El nombre de Jorge Julio López quedó grabado en la memoria colectiva como el hombre que se animó a contar, con detalles demoledores, el horror que vio y sufrió en los centros clandestinos de detención durante la dictadura. Su testimonio fue clave para condenar a Miguel Etchecolatz, el excomisario de la Bonaerense, por delitos de lesa humanidad. Pero esa valentía le costó la vida.
Décadas después, en septiembre de 2006, López volvió a desaparecer en plena democracia.
Jorge Julio López, el hombre que desapareció dos veces
López había sido secuestrado en 1976, torturado en centros clandestinos y liberado en 1979, pero para su familia ese pasado era apenas una sombra difícil de dimensionar.
“No creo que hayamos sido conscientes de lo que pasó en la dictadura. Si bien nos dijeron ‘tu papá está desaparecido’, no entendíamos…”, admite Rubén López, su hijo, en diálogo con TN.
La comprensión llegó mucho después, cuando el país empezó a revisar la historia. “Empezamos a tomar conciencia de por qué mi viejo quería dar testimonio cuando se empezó a llevar adelante el juicio contra Etchecolatz. Ahí entendimos ese compromiso que mi viejo tenía con sus compañeros, que era contar lo que había visto”, apunta.
Esa responsabilidad fue la que lo llevó a sentarse frente a un tribunal en 2006, en el juicio contra Etchecolatz, uno de los principales responsables del terrorismo de Estado en la provincia de Buenos Aires.
El 28 de junio de ese año, López habló.
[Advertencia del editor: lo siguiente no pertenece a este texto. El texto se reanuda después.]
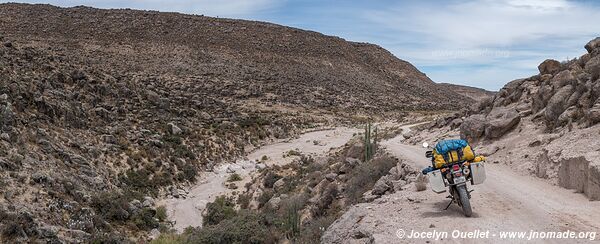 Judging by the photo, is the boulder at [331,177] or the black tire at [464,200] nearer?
the black tire at [464,200]

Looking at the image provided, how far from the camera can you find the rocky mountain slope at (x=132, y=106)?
1677 centimetres

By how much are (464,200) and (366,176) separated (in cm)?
588

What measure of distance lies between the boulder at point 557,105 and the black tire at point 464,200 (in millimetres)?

Y su hijo estuvo ahí. Fue una declaración clave, cargada de memoria y dolor, que aportó pruebas decisivas para la condena del excomisario.
Después de eso, la vida siguió. O al menos eso parecía. “El 16 de septiembre estuvimos en el cumpleaños de 60 de un primo. Fue la primera vez que lo vi bailar a mi viejo”, dice Rubén, aferrado a ese recuerdo mínimo, luminoso.
Pero dos días después, todo volvió a quebrarse.
El 18 de septiembre de 2006, López salió de su casa rumbo a una audiencia judicial y nunca llegó. “Volver a vivir lo que habíamos vivido en dictadura… creo que no fuimos conscientes de lo que había pasado”, reconoce ahora su hijo.
Al principio, incluso, buscaron darle una explicación lógica a su desaparición: “Los primeros meses creímos que le había pasado algo físico. Ese día él iba a volver a ver a Etchecolatz de forma personal y pensamos que eso lo había afectado”.
La idea de una segunda desaparición era demasiado brutal para ser asumida de inmediato. No obstante, con el tiempo la hipótesis inevitablemente cambió. “Empezamos a entender que el entorno de Etchecolatz, o lo que se había generado con el juicio, lo había vuelto a desaparecer”, indica Rubén.
“Increíble… el hombre que desapareció dos veces”, resumió el hijo, con una mezcla de dolor e impotencia.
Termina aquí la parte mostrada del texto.